Often as writers, we take our craft very seriously and sometimes to a fault. We get so caught up in our projects becoming “our babies” that we forget the reason we’re writing to begin with. Without an audience, our writing seems like journaling or a potential unfinished masterpiece.
What differentiates our “Best Sellers” from the stockpile of notebooks sitting in a corner we dare not stare at too long for fear of actually completing them, or worse showing them to someone important is rather simple. It’s the editing and review process, one thing is certain that each and every writer feels like their final work is complete.
Well, I’m here to admit that we’re all wrong even the final piece is more like a final draft. If you go into it knowing that the goal is to get to a polished final draft, then accepting critique lessens the blow. It’s very unlikely that everyone in your intended audience will fall in love with your book, let’s face it we secretly love the naysayers! For two main reasons
1. The opportunity to go back to the drawing board and prove we are not a one-trick pony, and
2. The chance to view our pieces from an unbiased party that isn’t emotionally attached to every syllable. I personally enjoy getting critique from the people that say, “it’s good just not what I’m looking for” because that comment is usually followed by exactly what they felt was missing.
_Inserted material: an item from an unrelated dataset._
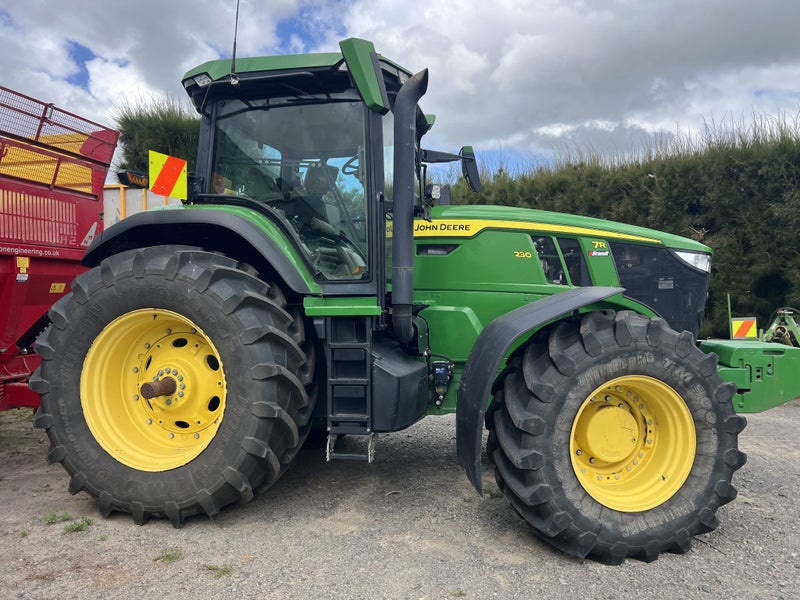2021 John Deere 7R 230 Carousel 1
Now knowing this, you also have to stand firm in your resolve because every piece is not a one size fits all. Yet being firm in what you believe also comes with the responsibility of being open-minded to change. One thing about rejection is, it humbles you. The way to prevent it from breaking your spirit is to remember when you’re submitting it to be published, you’re submitting just a final draft. Drafts are meant to be scrutinized to perfection. A writer with an open mind can write for unintended audiences and excel.